Records contained in a dataset:
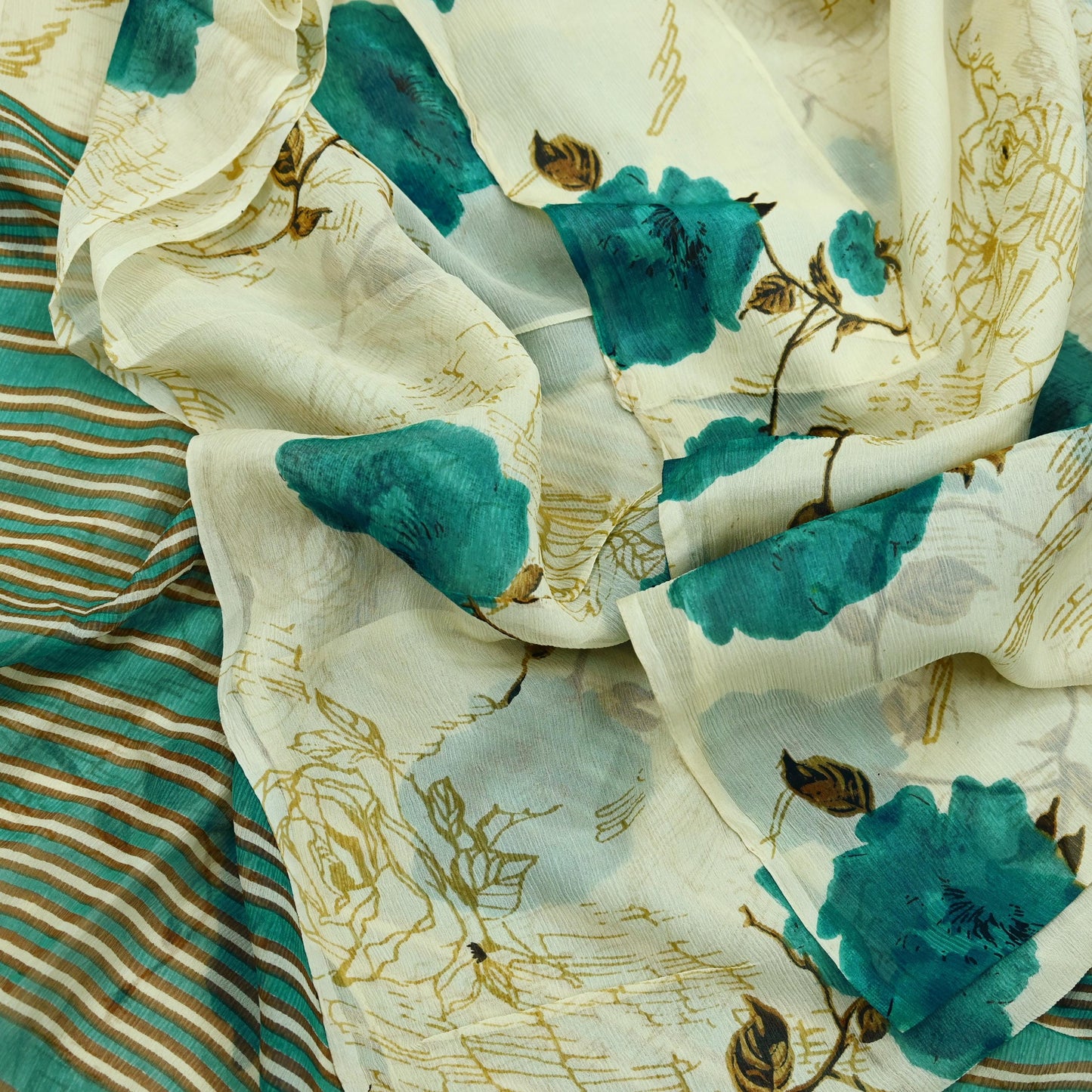 Indian Vintage Sari Green & Ivory Pure Chiffon Silk Printed Sarees 5Yd Craft Fabric Sewing Soft Light Sari Dress Making Upcycle Quilting
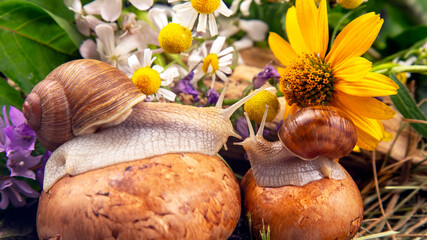 grape snail is actively crawling in nature. mollusc and invertebrate. delicacy meat and gourmet food.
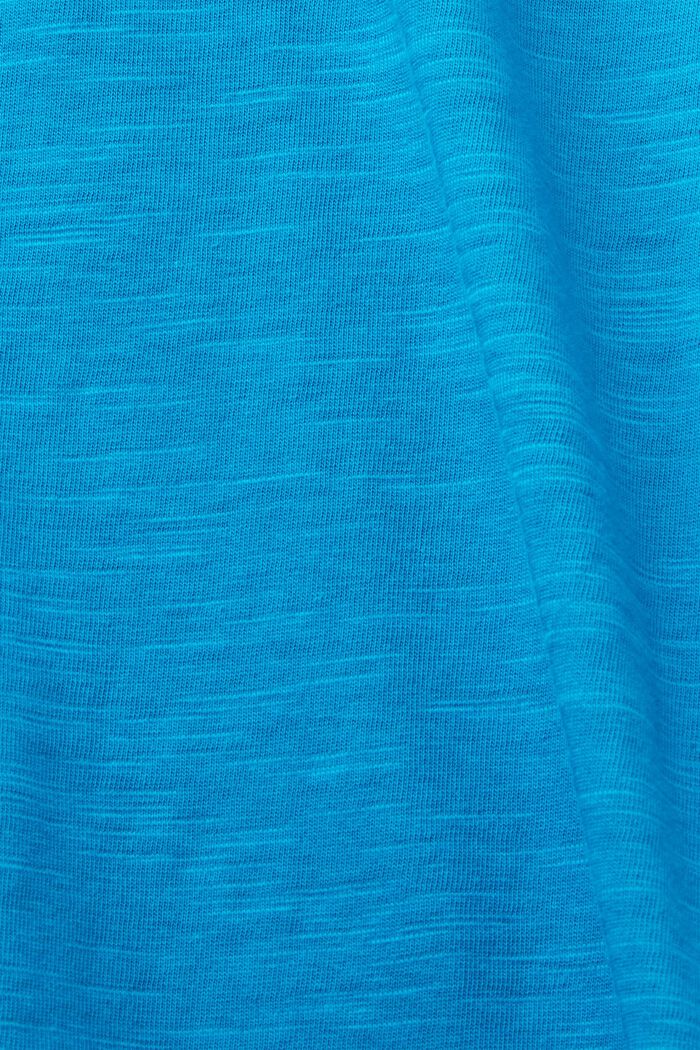프런트 프린트 티셔츠, 100% 코튼, DARK TURQUOISE 2, detail image number 5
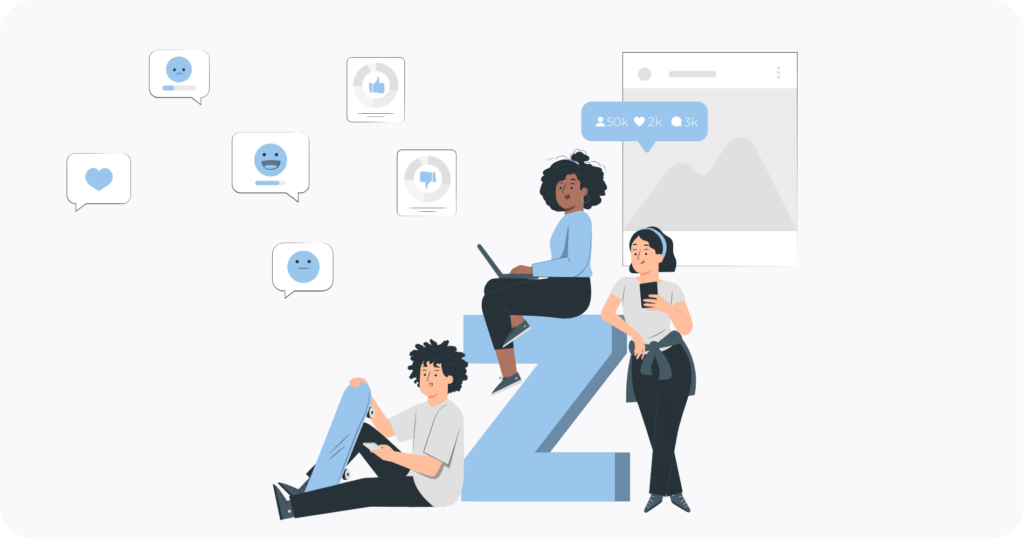 Jóvenes sentados junto a símbolos de las redes sociales.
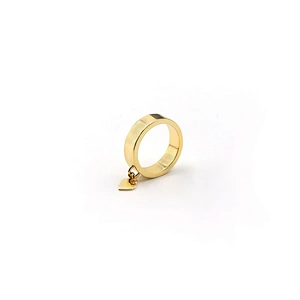 Trendy design 18K gold plated brass little heart charm chunky ring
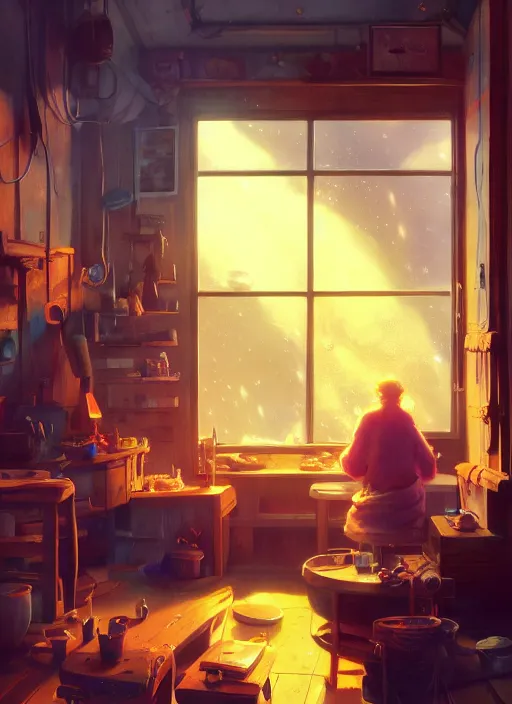 Image similar to beautiful interior of a cozy woodworker shop, james gilleard, delphin enjolras, goro fujita, makoto shinkai, paul lehr, exquisite lighting, octane render, very coherent, trending on artstation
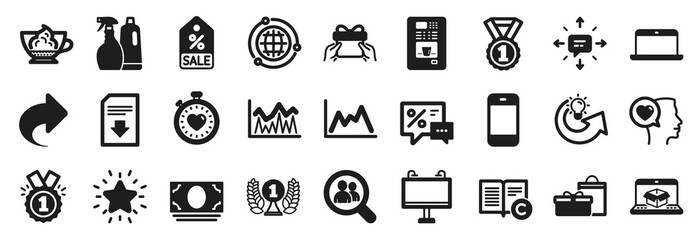 Set of simple icons, such as Rank star, Cash money, Sale coupon icons. Share, Romantic talk, Copyright signs. Give present, Gifts, Laureate award. Approved, Share idea, Coffee vending. Sms. Vector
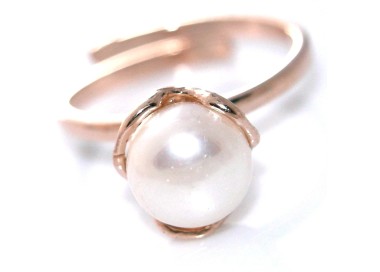 RMB|925 silver ring rose gold adjustable round baroque pearl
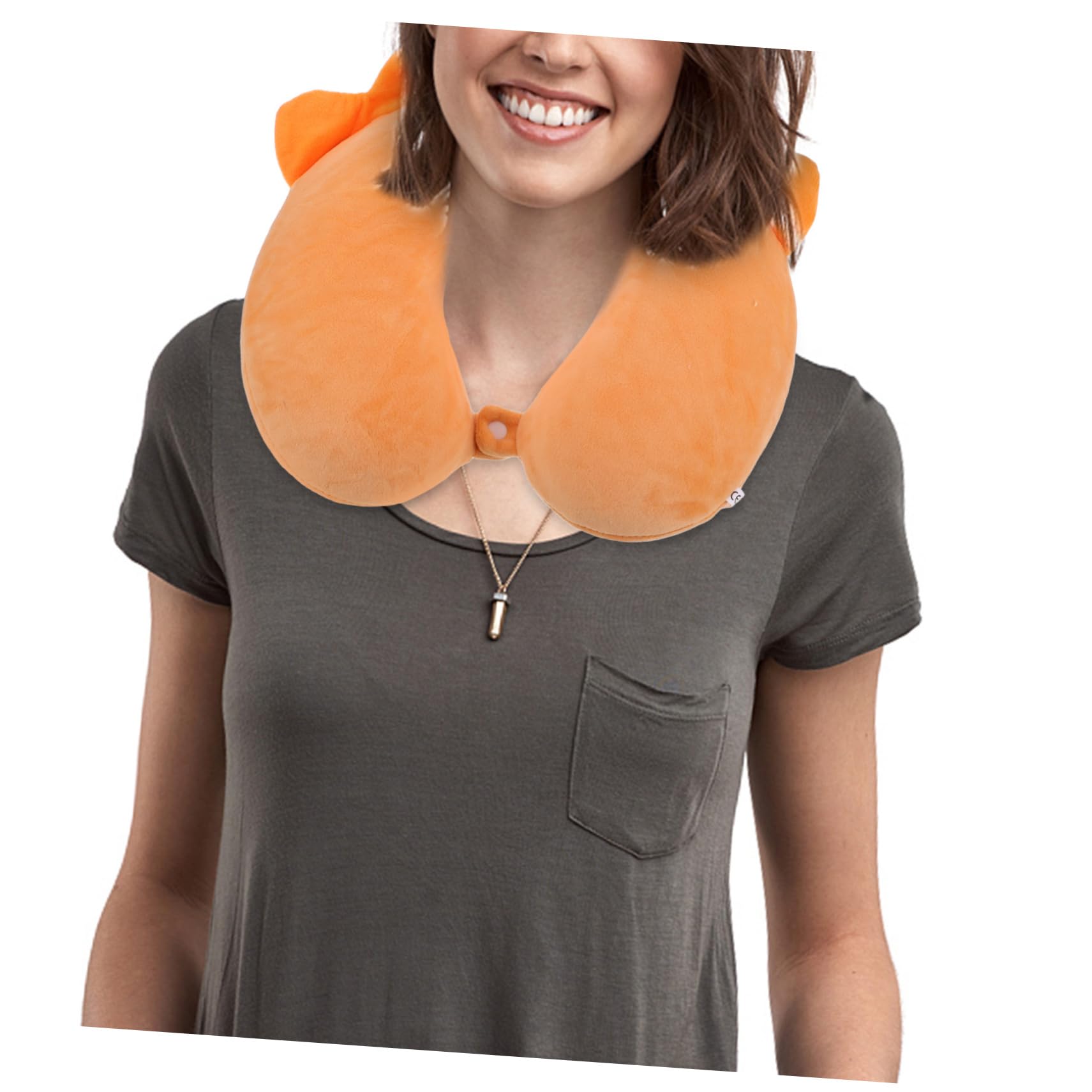 Almohada Cervical Espuma Viscoelástica, Diseño de Dibujos Animados en Forma Reduce la Fatiga del Cuello de Viaje para Coche y Avión
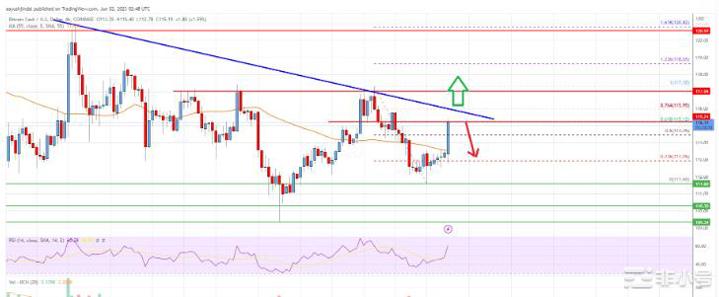 比特币（BTC）现金分析：关键突破阻力位于118美元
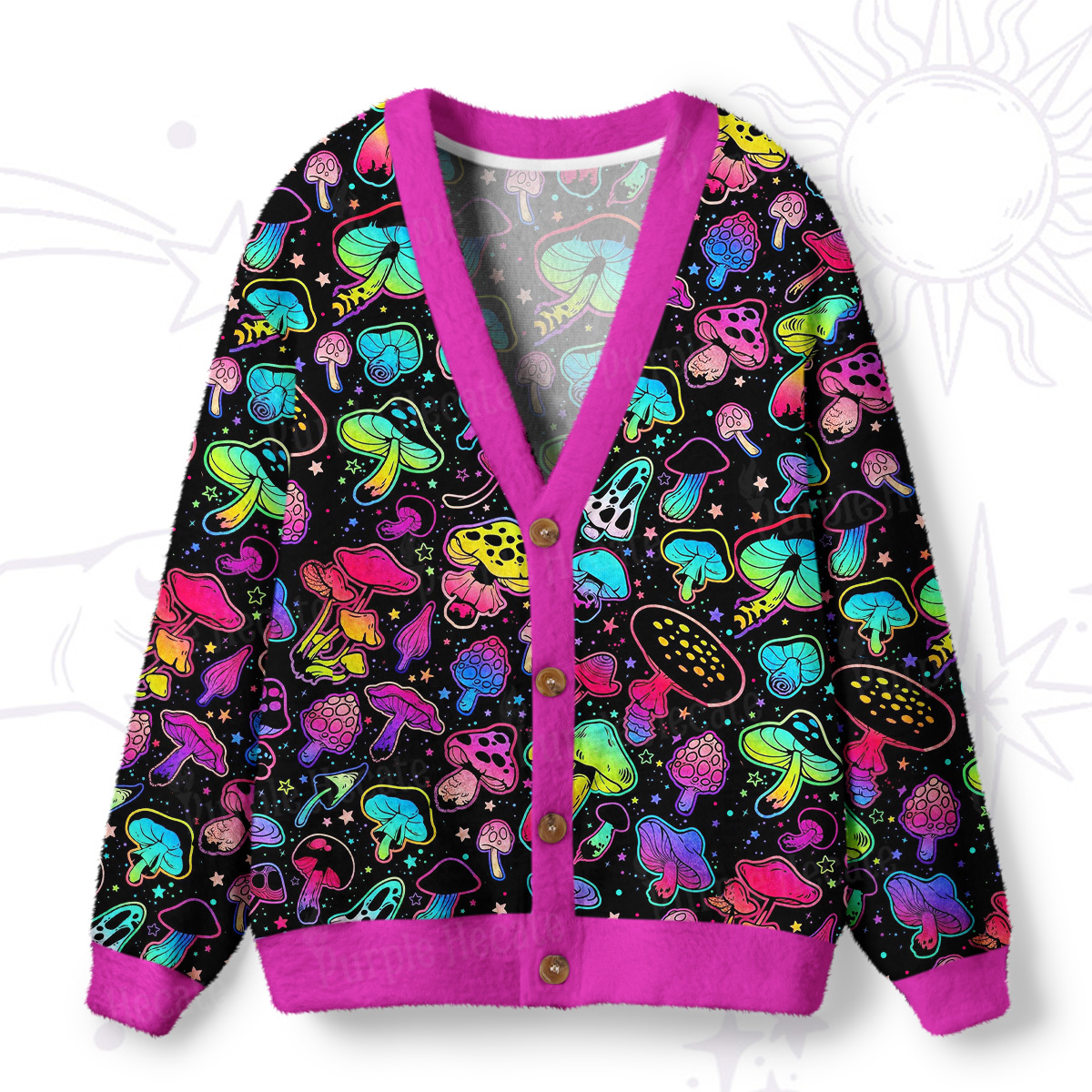 Purplehecate Psychedelic Mushroom Rave Ugly Cardigan Sweaters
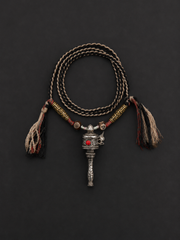 Vintage Tibetan Prayer Wheel Pendant Necklace Handmade Braided Rope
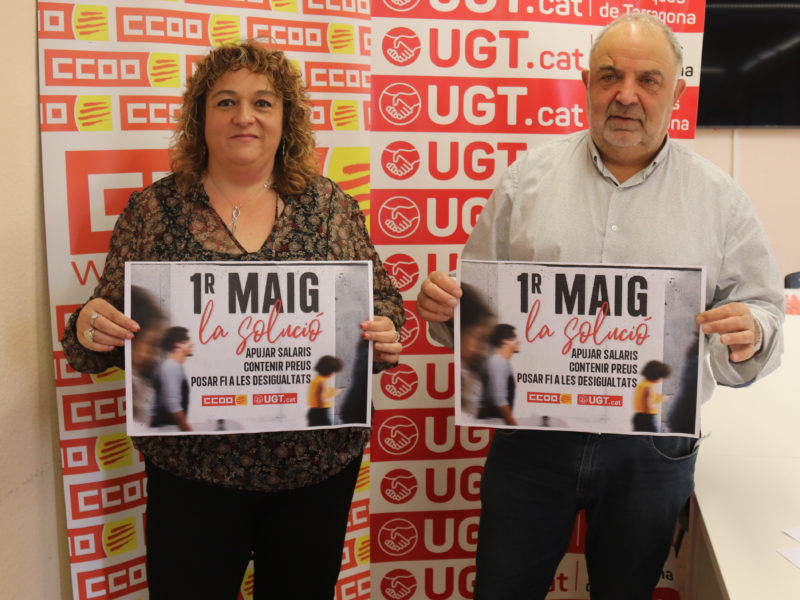 Mercè Puig (CCOO) i Joan Llort (UGT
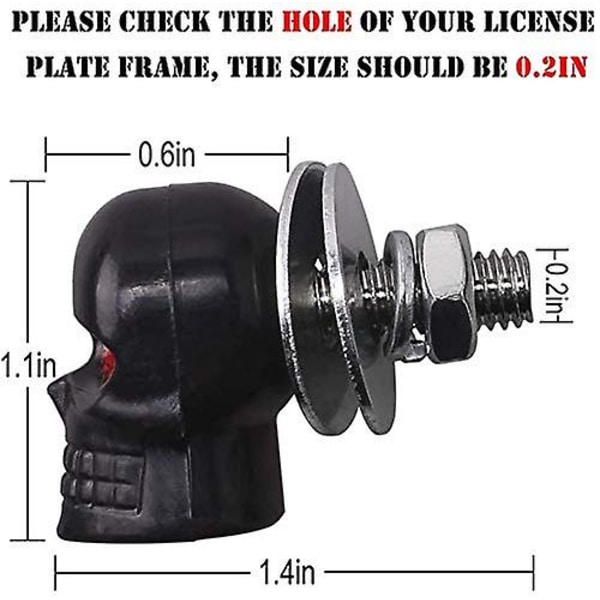 Skalle Licensskylt Skruvar Universal Bil Motorcykel Licensskylt Ram Bultar Fästelement 3d Skalle Rostfritt Stål Vindruta Trim Cover Ersättningssats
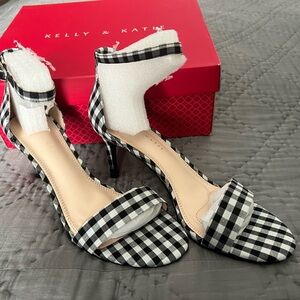 Kelly & Katie Gingham Black and White Heels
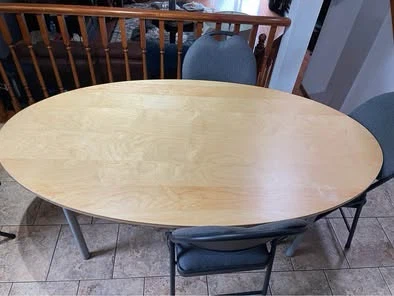 Oval Folding Table Dining,Ellipse Shape…oak wood
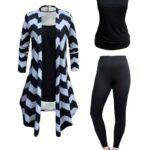Casual Three-piece Set, Color Block Open Front Cardigan & Cami Top & Slim Pants Outfits, Women's Clothing_Black1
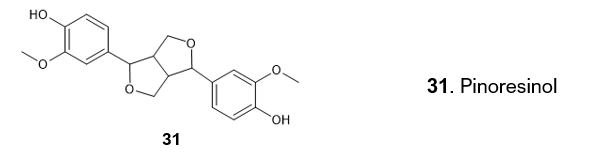 The chemical structure of pinoresinol is depicted.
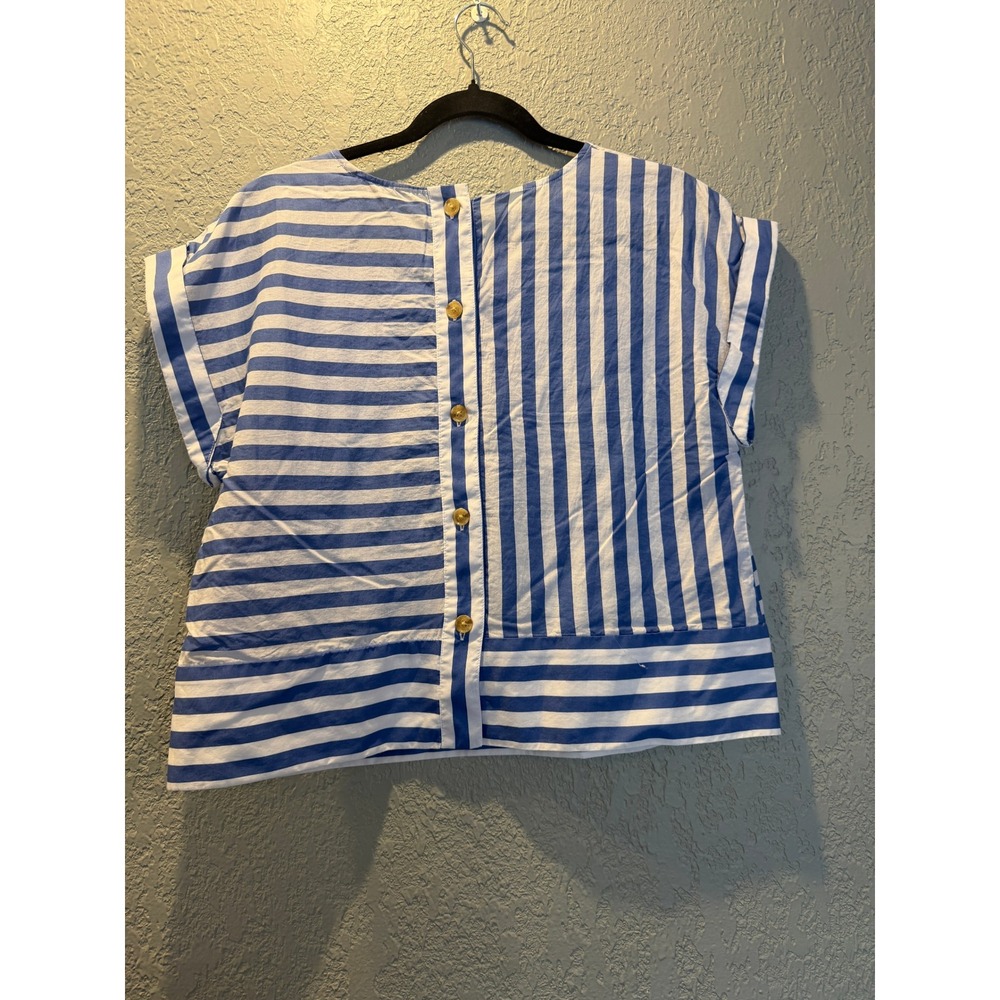 Banana Republic Womens Blue White Mixed Stripe Button Back Short Sleeve Blouse M - Picture 3 of 4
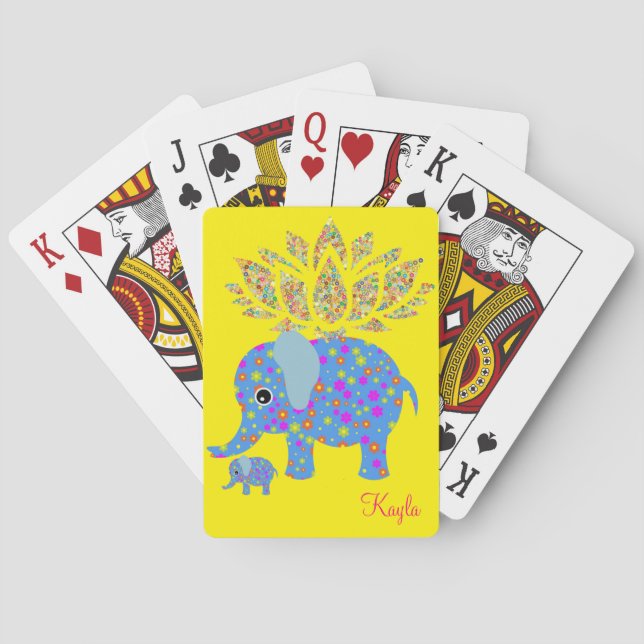 Playing Card Deck Colorful Elephant Yellow (Back)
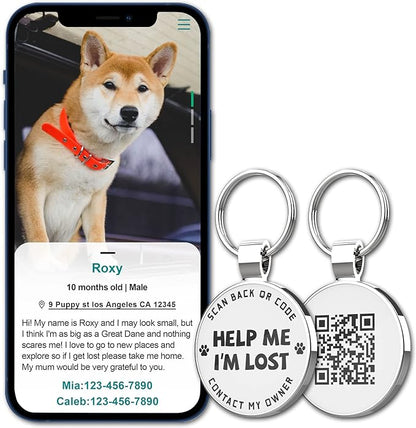 MYLUCKYTAG QR Code Pet ID Tags Dog Tags - Pet Online Profile - Scan QR Receive Instant Pet Location Alert Email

**Your instructions**
Your task is to reproduce the entries above word for word, from the first line through the line with "프런트 프린트 티셔츠, 100%", and please leave out any pictures.

**Your response**
 Indian Vintage Sari Green & Ivory Pure Chiffon Silk Printed Sarees 5Yd Craft Fabric Sewing Soft Light Sari Dress Making Upcycle Quilting
 grape snail is actively crawling in nature. mollusc and invertebrate. delicacy meat and gourmet food.
프런트 프린트 티셔츠, 100% 코튼, DARK TURQUOISE 2, detail image number 5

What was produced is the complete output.